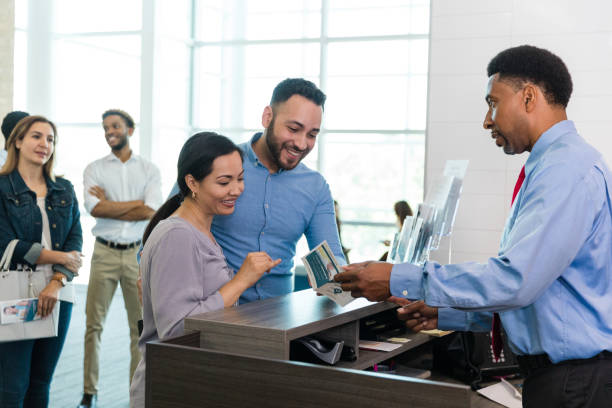 istock Young couple smiles as male teller talks about savings options 1540766457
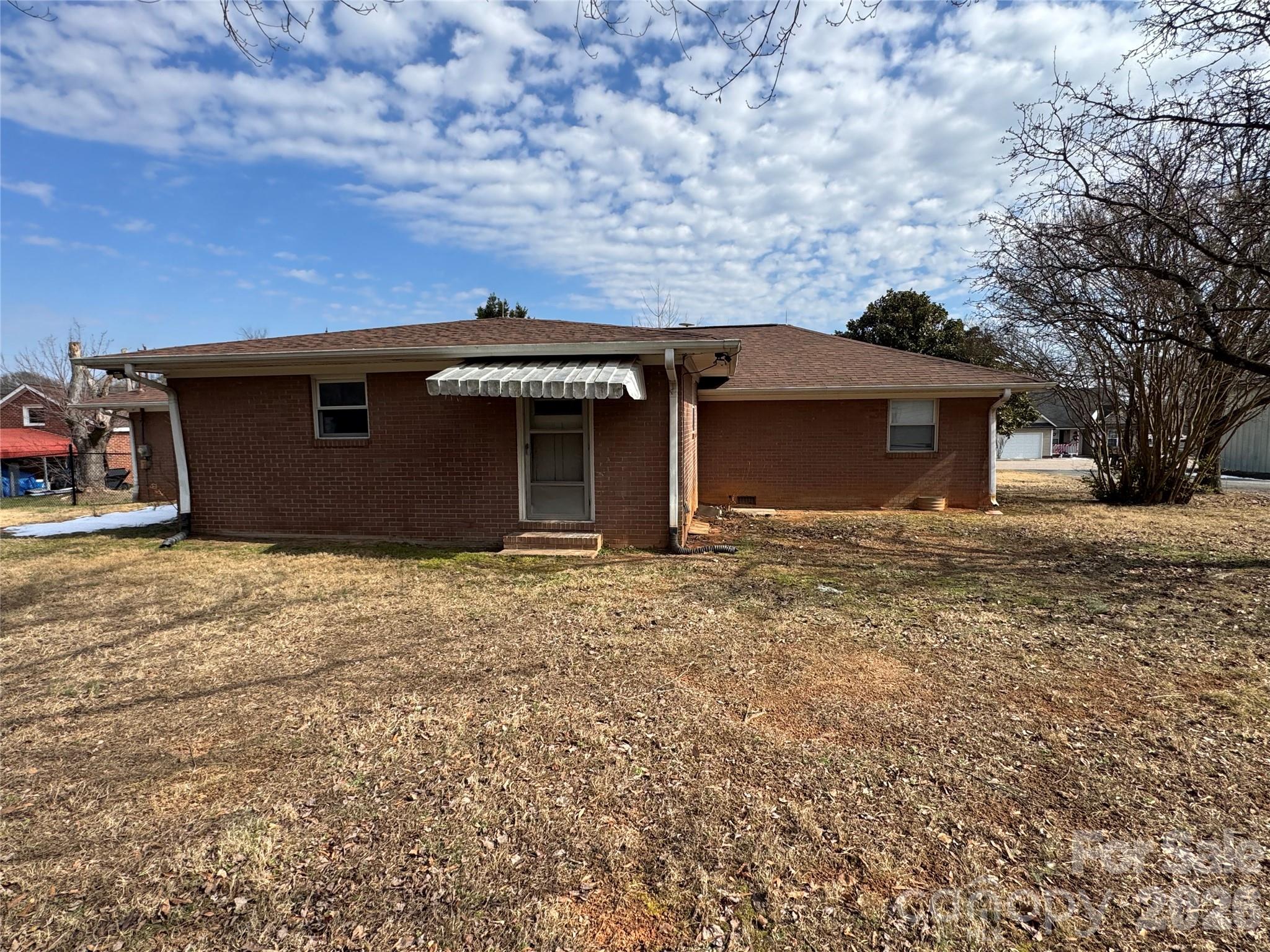 545 Collins Street Kannapolis, NC 28083 - Photo 19 of 27 a front view of a house with a yard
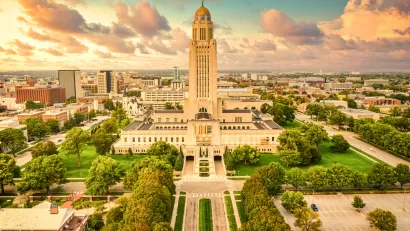 Aerial view of Nebraska state capitol and downtown Lincoln, Nebraska in golden light.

• Instructions to follow
In your output, include only the lines from the line containing "545 Collins Street" through the last line of the material above, exactly as they appear, and leave out the pictures.

• Task output
 545 Collins Street Kannapolis, NC 28083 - Photo 19 of 27 a front view of a house with a yard
 Aerial view of Nebraska state capitol and downtown Lincoln, Nebraska in golden light.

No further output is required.